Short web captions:

=== Begin Enclosure ===

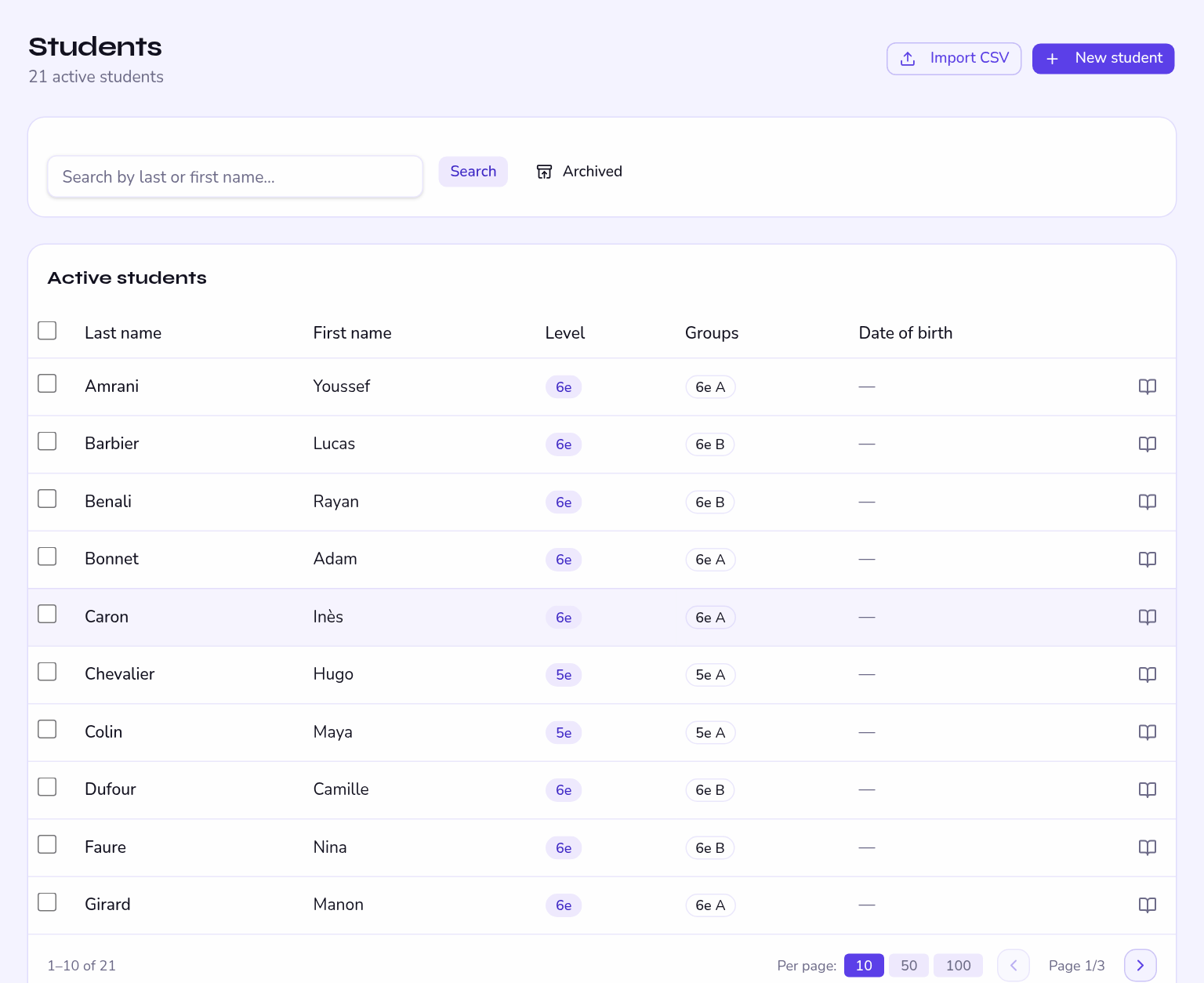 student list, with its filters and multiple selection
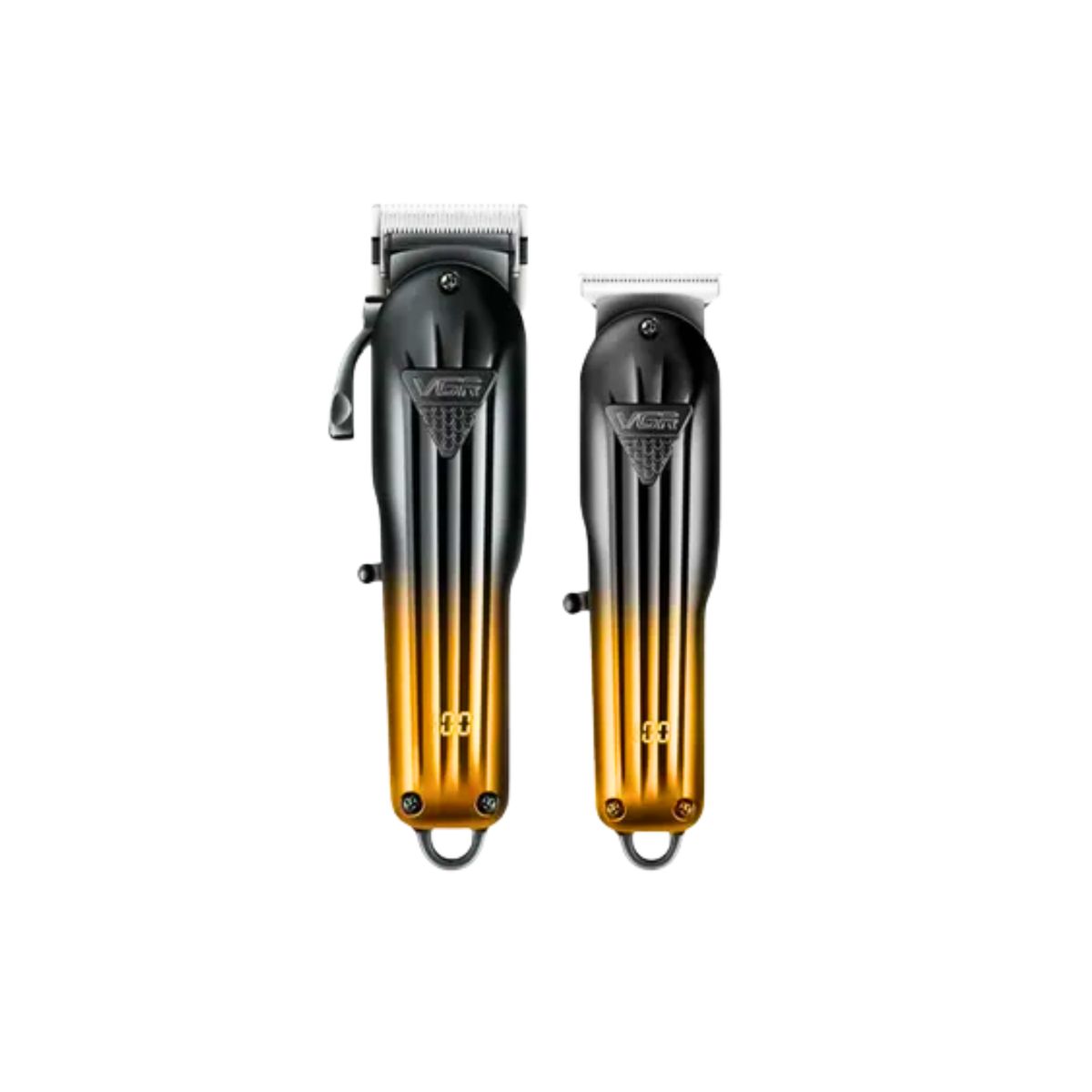 VGR - Kit Máquina Barbería Clipper Trimmer VGR V-646 Dorado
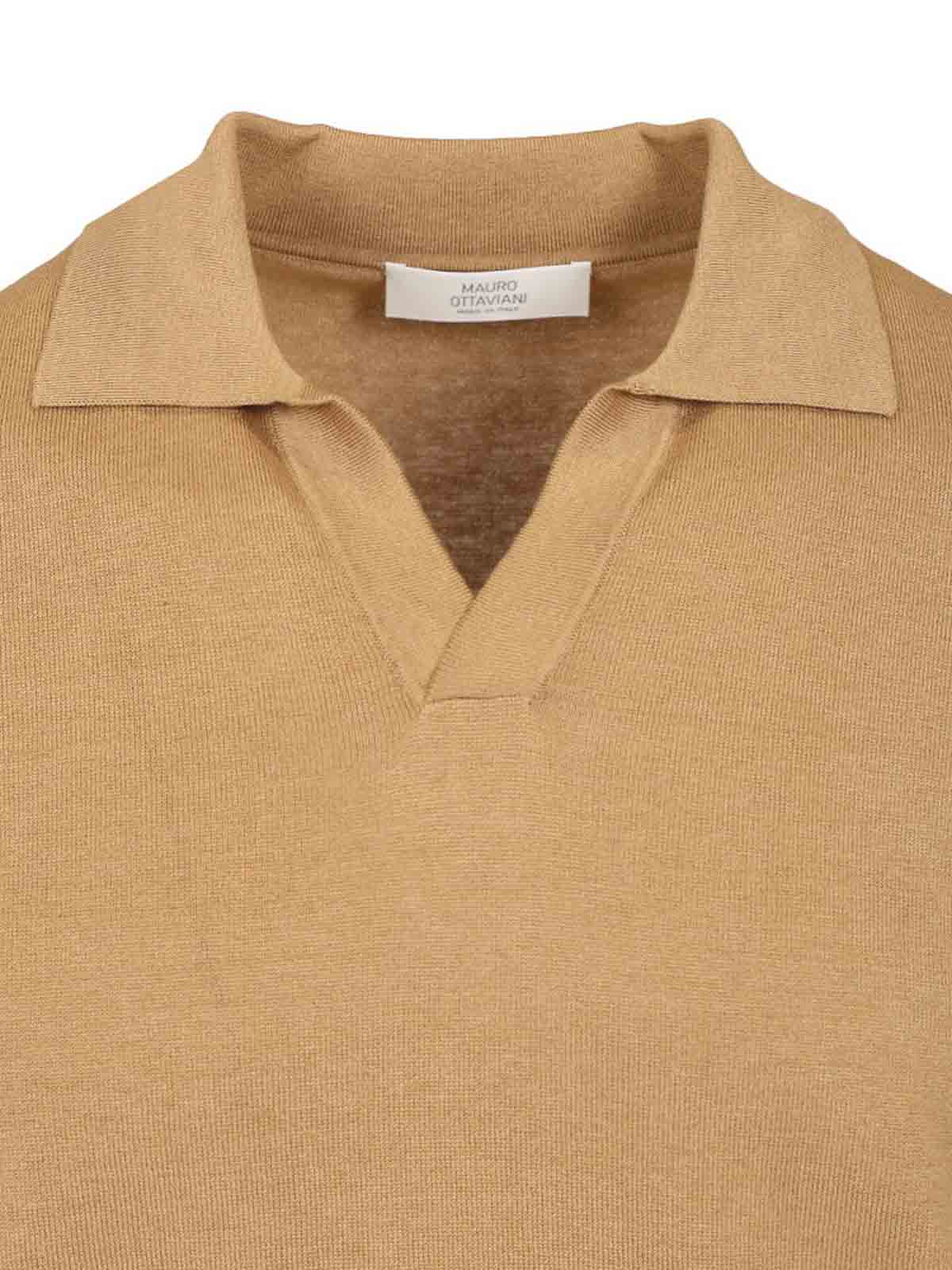 Mauro Ottaviani Knitted Jersey Polo Shirt In Neutral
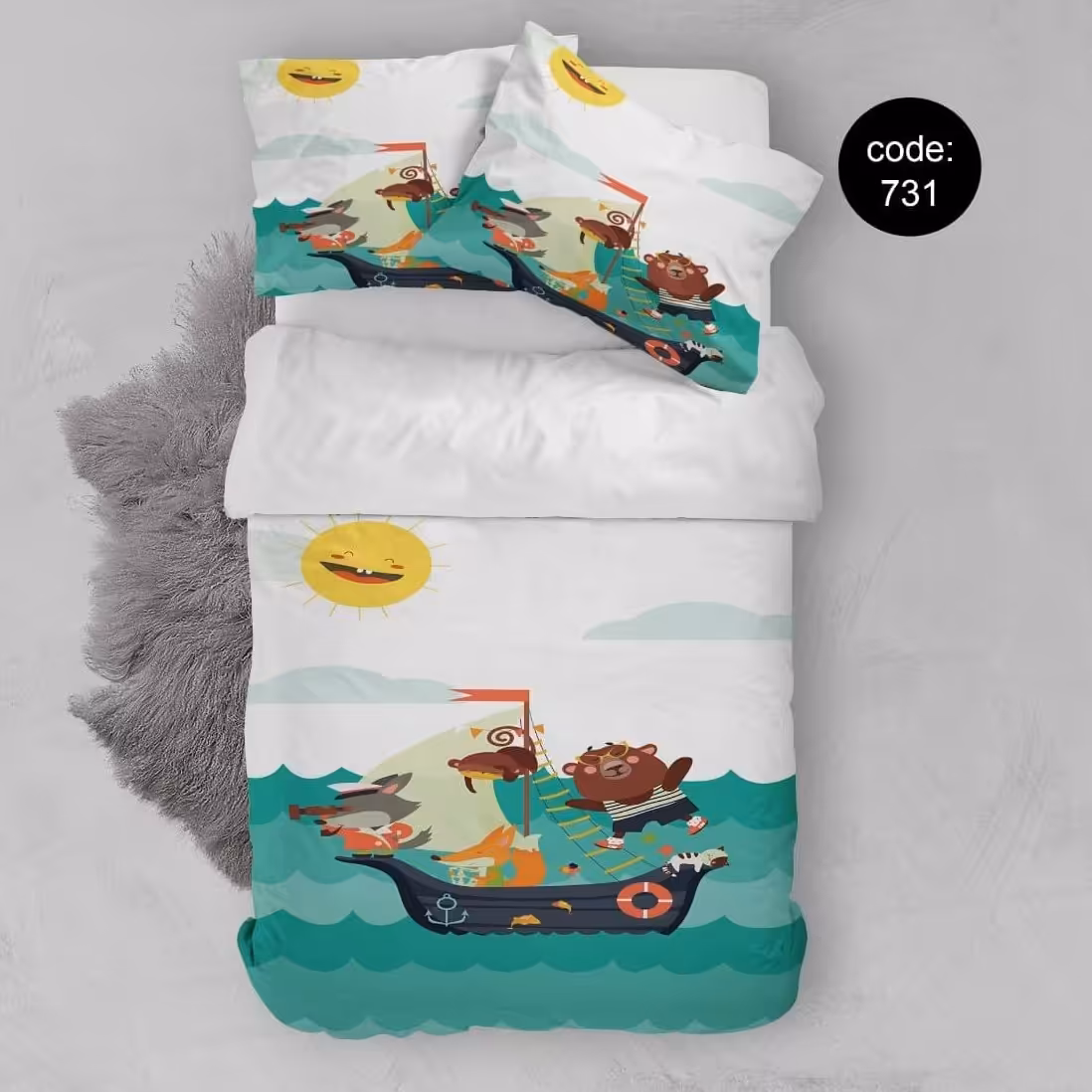 سرویس  روتختی تکنفره 4تکه چاپی قابل ست با پرده با انتخاب جنس پارچه کد731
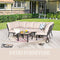 Festival Depot 7pcs Patio Conversation Set Sectional Chairs with Thick Cushions Corner Sofas and Side Coffee Table All Weather Metal Outdoor Furniture for Garden Backyard, Beige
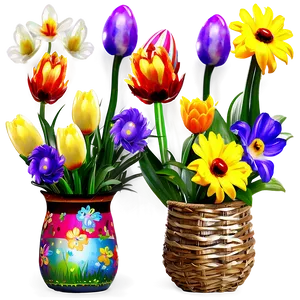 Vibrant Easter Flowers Png 05232024 PNG image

=== End Enclosure ===

Your instructions: Up to and including the line that holds "جنس پارچه کد731", restate word for word each line of the records from their start, and only those lines, leaving out the pictures.

Solution to this task:
 student list, with its filters and multiple selection
 VGR - Kit Máquina Barbería Clipper Trimmer VGR V-646 Dorado
 Mauro Ottaviani Knitted Jersey Polo Shirt In Neutral
 سرویس  روتختی تکنفره 4تکه چاپی قابل ست با پرده با انتخاب جنس پارچه کد731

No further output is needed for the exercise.